Would you retype the whole listing exactly, leaving its pictures out?

Material provided:
—————
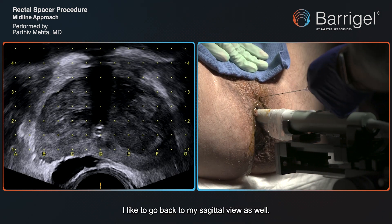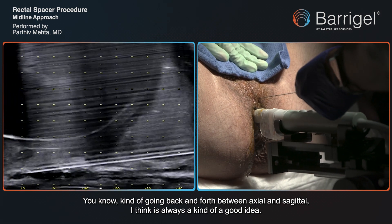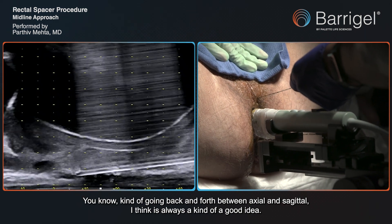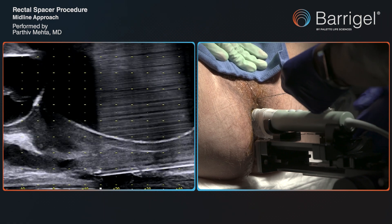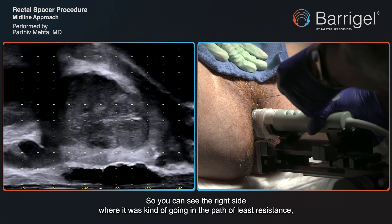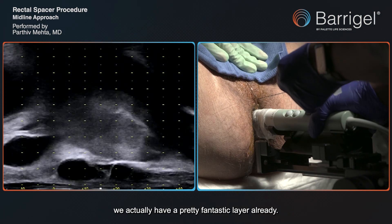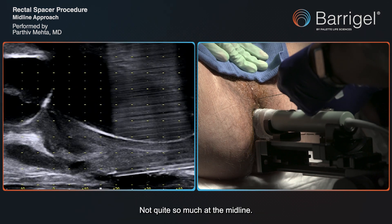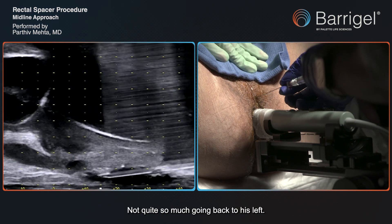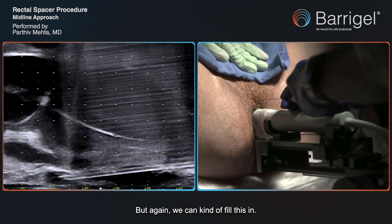I like to go back to my sagittal view as well. Going back and forth between axial and sagittal is always a good idea. You can see the right side where it was going in the path of least resistance — we actually have a pretty fantastic layer already. Not quite so much at the midline, not quite so much going to his left, but again we can fill this in.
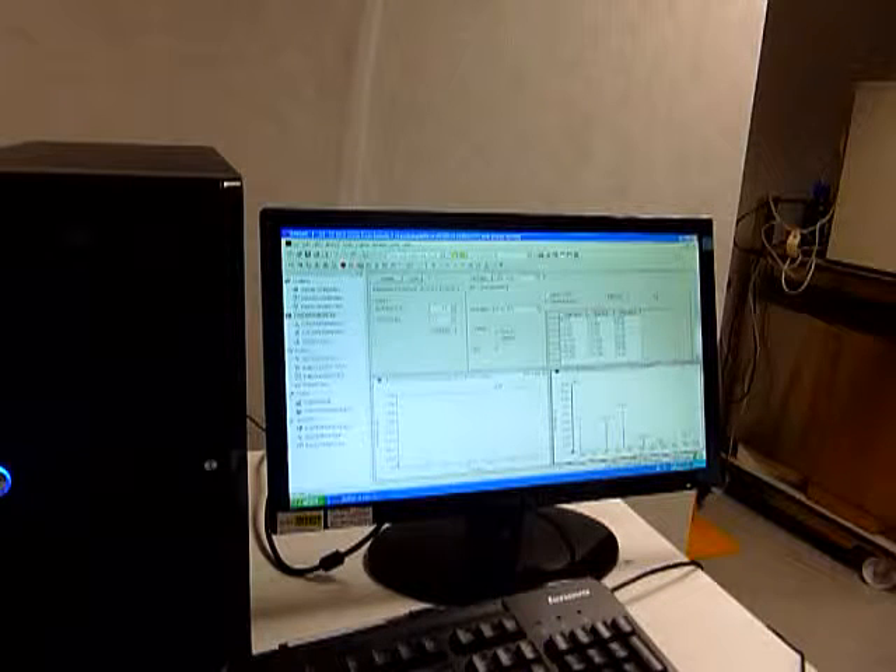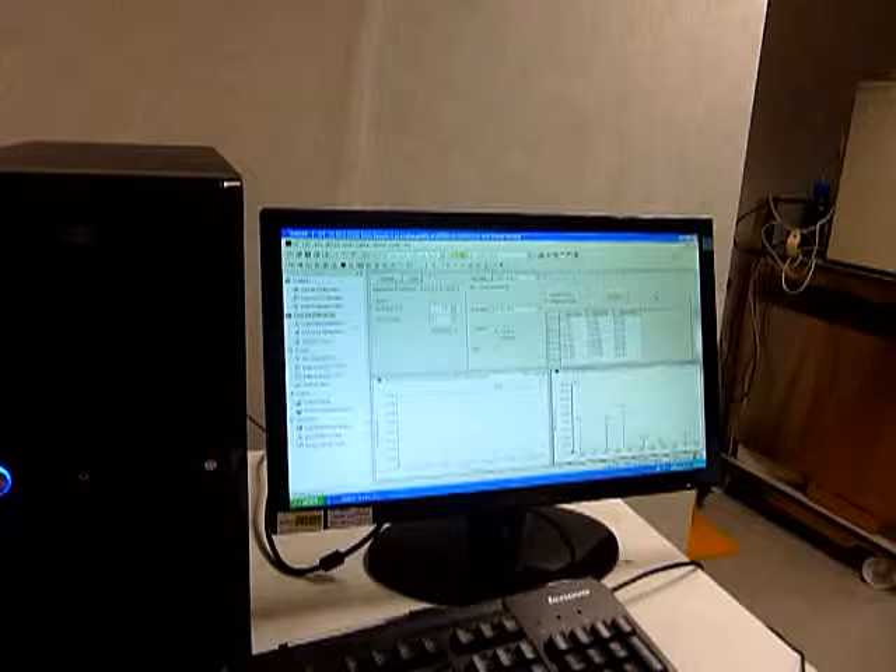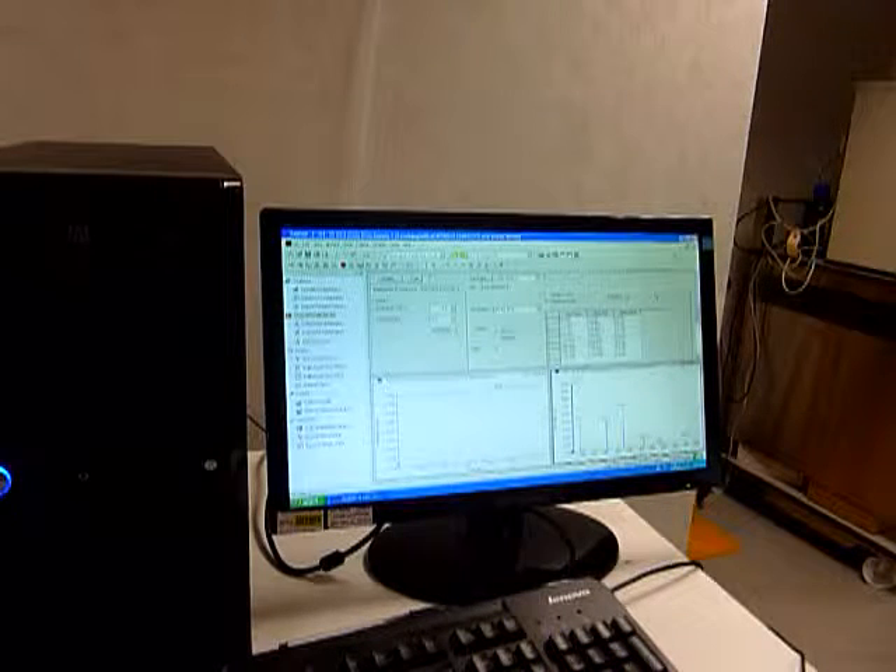The instrument is driven by the software Analyst 1.4.2. In here you have many options: you can tune up on a compound, you can tune up and calibrate the instrument using standards — PPGs, polypropylene glycols. You can acquire data, you can view data, and then you can quantitate them, all under one platform.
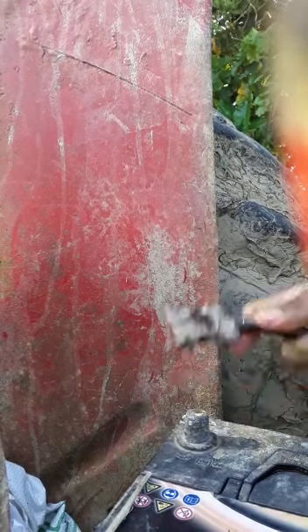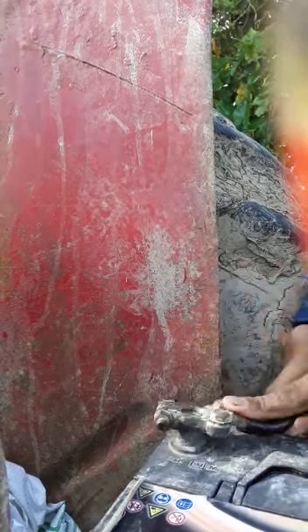Put it on the box right there, positive side here now, make sure that it's grounded good. Alright, time to get this baby started.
—————
Answer to this exercise:
I like to go back to my sagittal view as well. Going back and forth between axial and sagittal is always a good idea. You can see the right side where it was going in the path of least resistance — we actually have a pretty fantastic layer already. Not quite so much at the midline, not quite so much going to his left, but again we can fill this in.
The instrument is driven by the software Analyst 1.4.2. In here you have many options: you can tune up on a compound, you can tune up and calibrate the instrument using standards — PPGs, polypropylene glycols. You can acquire data, you can view data, and then you can quantitate them, all under one platform.
Put it on the box right there, positive side here now, make sure that it's grounded good. Alright, time to get this baby started.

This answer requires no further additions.